Magnesium Malate for Controlling Blood Sugar and Preventing Diabetes

Magnesium plays a critical role in the metabolism of sugar in our bodies. Magnesium deficiency is associated not only with erratic blood sugar levels, but also with diabetes, insulin resistance, and metabolic syndrome. Supplementation with magnesium can help control blood sugar levels and improve cholesterol ratios, and magnesium malate specifically (if made from L-malic acid) can help remove compounds that inhibit sugar breakdown and glycolysis.

Magnesium Malate vs. Citrate

Magnesium citrate is another magnesium preparation in salt form. It also increases water in the intestines and is often used as a laxative for the treatment of constipation. However, magnesium citrate has a far lower bioavailability rate than magnesium malate has, meaning you get more magnesium from the malate version.

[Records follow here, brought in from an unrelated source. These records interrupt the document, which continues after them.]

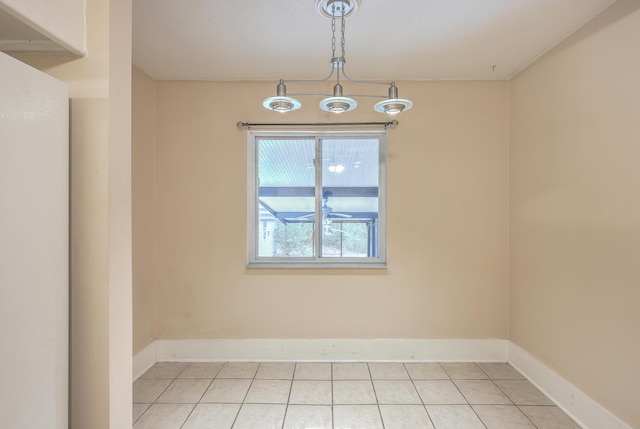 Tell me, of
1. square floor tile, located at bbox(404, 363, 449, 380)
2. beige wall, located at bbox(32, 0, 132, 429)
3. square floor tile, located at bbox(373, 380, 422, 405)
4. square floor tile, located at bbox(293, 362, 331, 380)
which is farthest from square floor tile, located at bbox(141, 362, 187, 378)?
square floor tile, located at bbox(404, 363, 449, 380)

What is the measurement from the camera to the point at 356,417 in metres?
1.94

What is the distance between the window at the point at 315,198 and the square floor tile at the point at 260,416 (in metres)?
1.16

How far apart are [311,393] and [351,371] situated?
0.45 metres

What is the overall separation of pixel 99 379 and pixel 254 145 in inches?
83.9

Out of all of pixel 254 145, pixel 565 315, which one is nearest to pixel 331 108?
pixel 254 145

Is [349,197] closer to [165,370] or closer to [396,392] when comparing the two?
[396,392]

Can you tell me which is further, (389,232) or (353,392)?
(389,232)

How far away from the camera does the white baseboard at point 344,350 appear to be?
267 cm

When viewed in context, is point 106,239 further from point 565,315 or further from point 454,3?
point 565,315

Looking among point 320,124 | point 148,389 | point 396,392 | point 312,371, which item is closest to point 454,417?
point 396,392

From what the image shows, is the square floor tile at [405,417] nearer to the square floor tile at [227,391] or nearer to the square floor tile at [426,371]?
the square floor tile at [426,371]

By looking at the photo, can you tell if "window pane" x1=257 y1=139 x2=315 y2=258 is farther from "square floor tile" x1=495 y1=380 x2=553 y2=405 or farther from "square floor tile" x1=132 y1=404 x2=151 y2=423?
"square floor tile" x1=495 y1=380 x2=553 y2=405

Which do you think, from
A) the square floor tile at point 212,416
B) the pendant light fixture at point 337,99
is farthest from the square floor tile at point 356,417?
the pendant light fixture at point 337,99

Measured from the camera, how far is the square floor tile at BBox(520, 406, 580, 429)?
189 centimetres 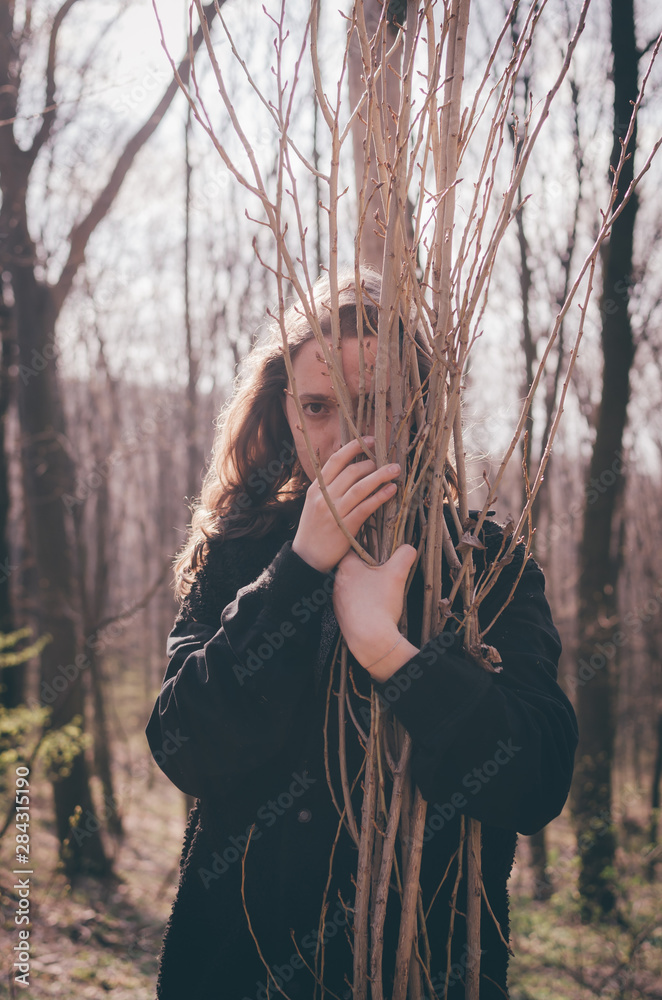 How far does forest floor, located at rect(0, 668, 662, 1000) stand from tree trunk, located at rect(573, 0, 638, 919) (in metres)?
0.26

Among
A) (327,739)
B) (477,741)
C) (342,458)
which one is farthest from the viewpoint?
(327,739)

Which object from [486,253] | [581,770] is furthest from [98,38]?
[581,770]

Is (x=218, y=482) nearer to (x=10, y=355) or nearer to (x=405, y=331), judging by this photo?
(x=405, y=331)

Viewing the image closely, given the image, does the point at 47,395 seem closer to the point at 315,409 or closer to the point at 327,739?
Result: the point at 315,409

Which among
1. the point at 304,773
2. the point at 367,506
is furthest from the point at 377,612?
the point at 304,773

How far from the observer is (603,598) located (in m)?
5.34

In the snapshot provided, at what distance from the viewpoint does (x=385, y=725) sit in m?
1.10

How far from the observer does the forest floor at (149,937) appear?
3.65 metres

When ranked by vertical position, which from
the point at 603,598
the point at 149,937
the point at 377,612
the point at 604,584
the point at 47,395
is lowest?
the point at 149,937

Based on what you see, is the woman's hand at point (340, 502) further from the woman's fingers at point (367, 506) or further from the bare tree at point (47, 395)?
the bare tree at point (47, 395)

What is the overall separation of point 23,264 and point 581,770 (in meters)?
5.85

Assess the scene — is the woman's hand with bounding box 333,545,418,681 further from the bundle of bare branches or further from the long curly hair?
the long curly hair

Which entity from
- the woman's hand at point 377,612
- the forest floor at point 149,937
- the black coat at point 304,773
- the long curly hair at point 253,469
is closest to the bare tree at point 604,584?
the forest floor at point 149,937

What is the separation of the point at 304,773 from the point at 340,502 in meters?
0.57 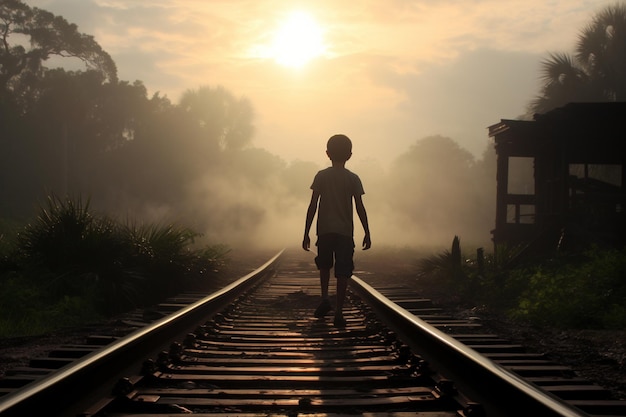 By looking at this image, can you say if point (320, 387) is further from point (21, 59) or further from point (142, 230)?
point (21, 59)

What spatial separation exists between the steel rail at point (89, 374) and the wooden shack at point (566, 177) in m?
9.57

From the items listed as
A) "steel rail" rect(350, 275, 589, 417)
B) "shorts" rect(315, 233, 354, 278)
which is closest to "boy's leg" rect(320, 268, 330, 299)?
"shorts" rect(315, 233, 354, 278)

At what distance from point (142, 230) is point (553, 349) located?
7050 mm

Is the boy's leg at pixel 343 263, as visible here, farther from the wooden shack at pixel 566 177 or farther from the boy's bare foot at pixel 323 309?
the wooden shack at pixel 566 177

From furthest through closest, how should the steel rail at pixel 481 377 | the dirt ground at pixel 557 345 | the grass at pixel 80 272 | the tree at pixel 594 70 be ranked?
1. the tree at pixel 594 70
2. the grass at pixel 80 272
3. the dirt ground at pixel 557 345
4. the steel rail at pixel 481 377

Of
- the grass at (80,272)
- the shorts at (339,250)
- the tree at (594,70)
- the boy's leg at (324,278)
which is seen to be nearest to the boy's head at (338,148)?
the shorts at (339,250)

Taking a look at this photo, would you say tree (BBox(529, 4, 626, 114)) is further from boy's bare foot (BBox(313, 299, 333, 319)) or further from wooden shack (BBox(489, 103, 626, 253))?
boy's bare foot (BBox(313, 299, 333, 319))

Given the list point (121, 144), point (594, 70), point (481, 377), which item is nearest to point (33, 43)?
point (121, 144)

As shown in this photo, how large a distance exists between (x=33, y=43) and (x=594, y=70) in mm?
30228

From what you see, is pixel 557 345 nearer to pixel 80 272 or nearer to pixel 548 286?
pixel 548 286

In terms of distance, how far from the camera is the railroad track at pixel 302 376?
349 cm

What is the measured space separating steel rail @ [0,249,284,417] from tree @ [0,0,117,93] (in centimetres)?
3964

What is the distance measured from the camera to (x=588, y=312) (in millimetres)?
7809

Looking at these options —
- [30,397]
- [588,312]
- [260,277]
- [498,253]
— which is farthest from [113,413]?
[498,253] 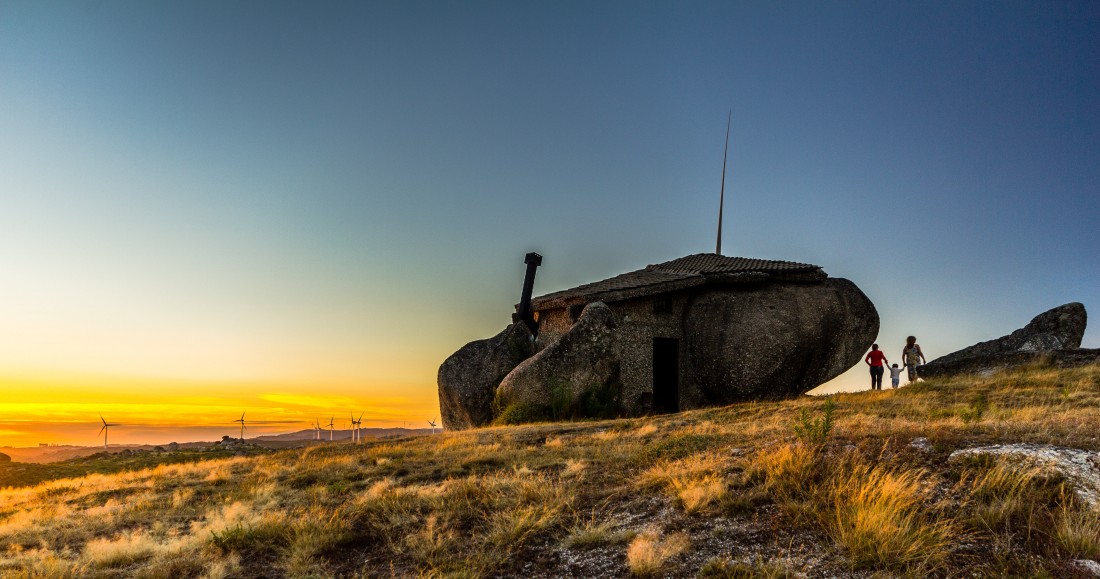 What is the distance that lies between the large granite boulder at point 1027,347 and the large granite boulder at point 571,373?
1021 centimetres

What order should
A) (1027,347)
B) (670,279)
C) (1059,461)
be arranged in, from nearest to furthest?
1. (1059,461)
2. (670,279)
3. (1027,347)

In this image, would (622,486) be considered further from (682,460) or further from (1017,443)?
(1017,443)

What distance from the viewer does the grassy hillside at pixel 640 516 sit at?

Magnesium Malate vs. Glycinate

Much like magnesium citrate, magnesium glycinate also has lower bioavailability than magnesium malate. Glycinate is the salt form of glycine, which like aspartate or aspartame, activates our NMDA (N-methyl-D-aspartate) receptors. The NMDA receptors on our neurons help control our perception of pain, and when they’re overstimulated it can lead to severe pain, as with the NMDA receptors in the guts of those with colitis. This means that too much magnesium glycinate may actually be detrimental.

Magnesium Malate Dosage

Magnesium malate supplements are often taken orally alongside a meal. The National Institutes of Health give the following recommendations for the appropriate dosage per serving size.

For women:

  • 19-30 years: 310 milligrams
  • 31-up: 320 milligrams

For men:

  • 19-39 years: 400 milligrams
  • 31-up: 420 milligrams

Dosages of malic acid generally range from 1,200-2,800 milligrams per day. People who are athletes, pregnant, breastfeeding, diabetic, or under high levels of stress may require more magnesium and should consult with their doctor to determine the optimal dosage.

Magnificent Magnesium

When looking for magnesium from a dietary supplement, you’ll want to make sure you have the best bioavailable form of magnesium, and magnesium malate may be exactly the form you need. You’ll want to keep the tablets in a cool, dry place, out of reach of children, but other than those precautions, you can easily add it your regimen of multivitamins and gain its amazing health benefits.